Una de mis rutinas cotidianas es subir caminando a la Facultad donde trabajo. Es un paseíto que disfruto cada mañana y que, además, evita que me anquilose demasiado. El caso es que el otro día llovía y, en el momento en que pasaba junto a la parada, apareció el autobús que lleva a mi destino. Y, sí, subí rompiendo mi costumbre. Lo que no sabía es que la conductora (mal que me pese, justo ese día era conductora) debía ser algo novata y nos ofreció un viaje de lo más anecdótico.

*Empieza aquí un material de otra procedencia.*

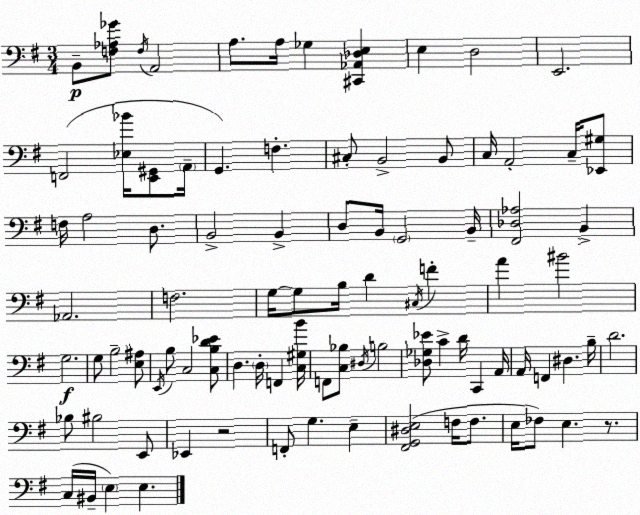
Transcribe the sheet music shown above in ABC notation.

X:1
T:Untitled
M:3/4
L:1/4
K:G
B,,/2 [F,_A,_G]/2 F,/4 A,,2 A,/2 A,/4 _G, [^C,,_A,,_D,E,] E, D,2 E,,2 F,,2 [_E,_B]/4 [E,,^G,,]/2 A,,/4 G,, F, ^C,/2 B,,2 B,,/2 C,/4 A,,2 C,/4 [_E,,^G,]/2 F,/4 A,2 D,/2 B,,2 B,, D,/2 B,,/4 G,,2 B,,/4 [^F,,_D,_A,]2 B,, _A,,2 F,2 G,/4 G,/2 B,/4 D ^C,/4 F A ^B2 G,2 G,/2 B,2 [E,^A,]/2 E,,/4 B,/2 C,2 [C,B,D_E]/2 D, D,/4 F,, [C,^G,B]/4 F,,/2 [C,_B,]/2 ^D,/4 B,2 [_D,_G,_E]/2 C D/4 C,, A,,/4 A,,/4 F,, ^D, B,/4 D2 _B,/2 ^B,2 E,,/2 _E,, z2 F,,/2 G, E, [^F,,G,,^D,E,]2 F,/4 F,/2 E,/4 _F,/2 E, z/2 C,/4 ^B,,/4 E, E,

En el momento en que tenía que girar hacia el campus universitario se equivocó y siguió recto. Ante las reclamaciones de todo el autobús levantado en rebelión, se dio cuenta de su error e intentó volver casi al inicio del recorrido, por más que el sublevado público le proponía un modo mucho más sencillo de recuperar la ruta.
La verdad es que la escena daba como para hacer una reflexión sobre lo susceptibles que estamos por la mañana o lo poco intransigentes que somos a la hora de acoger fallos ajenos. Con todo, no fue eso lo que más me llamó la atención, sino el caso omiso que hizo a las sensatas propuestas que le hacían mientras quien conducía nos dirigía a donde ella consideraba mejor, aunque nos retrasó mucho más de lo necesario. A veces nos pasa algo parecido y, si tenemos una idea en la cabeza, da igual la conveniencia de las opiniones ajenas.

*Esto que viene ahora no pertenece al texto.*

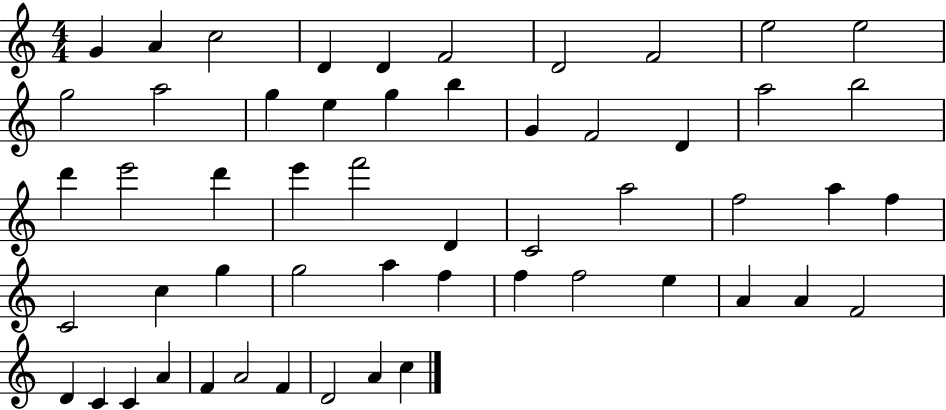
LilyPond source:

{
  \clef treble
  \numericTimeSignature
  \time 4/4
  \key c \major
  g'4 a'4 c''2 | d'4 d'4 f'2 | d'2 f'2 | e''2 e''2 | \break g''2 a''2 | g''4 e''4 g''4 b''4 | g'4 f'2 d'4 | a''2 b''2 | \break d'''4 e'''2 d'''4 | e'''4 f'''2 d'4 | c'2 a''2 | f''2 a''4 f''4 | \break c'2 c''4 g''4 | g''2 a''4 f''4 | f''4 f''2 e''4 | a'4 a'4 f'2 | \break d'4 c'4 c'4 a'4 | f'4 a'2 f'4 | d'2 a'4 c''4 | \bar "|."
} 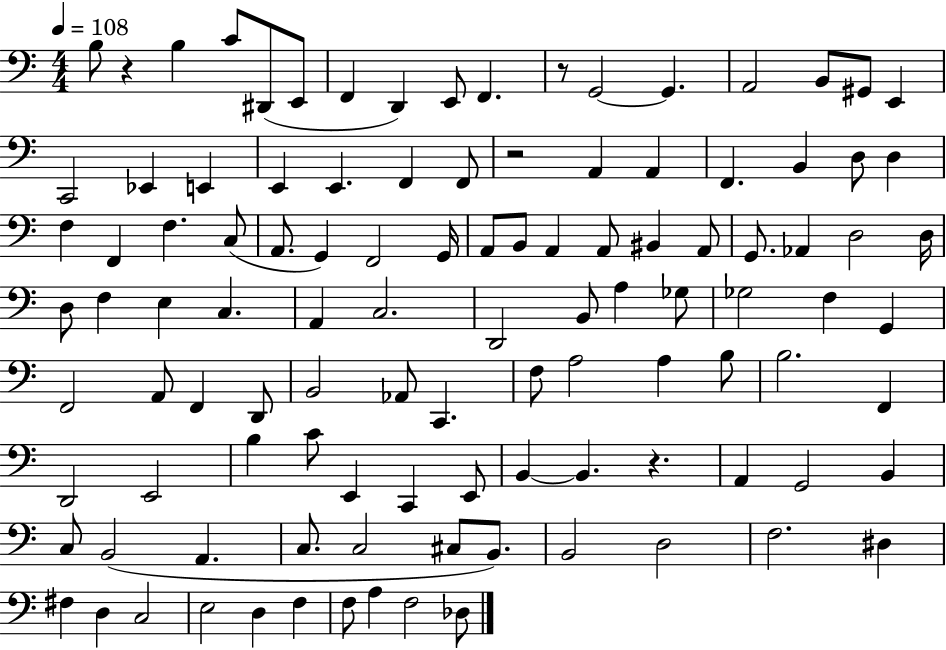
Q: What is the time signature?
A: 4/4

Tengo la sensación de que todos somos un poco esa “conductora”. Tenemos la responsabilidad de guiar nuestras existencias y, con frecuencia, acompañar a otros muchos en el día a día. No estamos exentos de errores y es fácil desviarnos de nuestra ruta, pero, en estos casos, lo más sabio siempre es escuchar las propuestas de otros que nos pueden sugerir nuevas sendas, inexploradas pero capaces de llevarnos a buen término.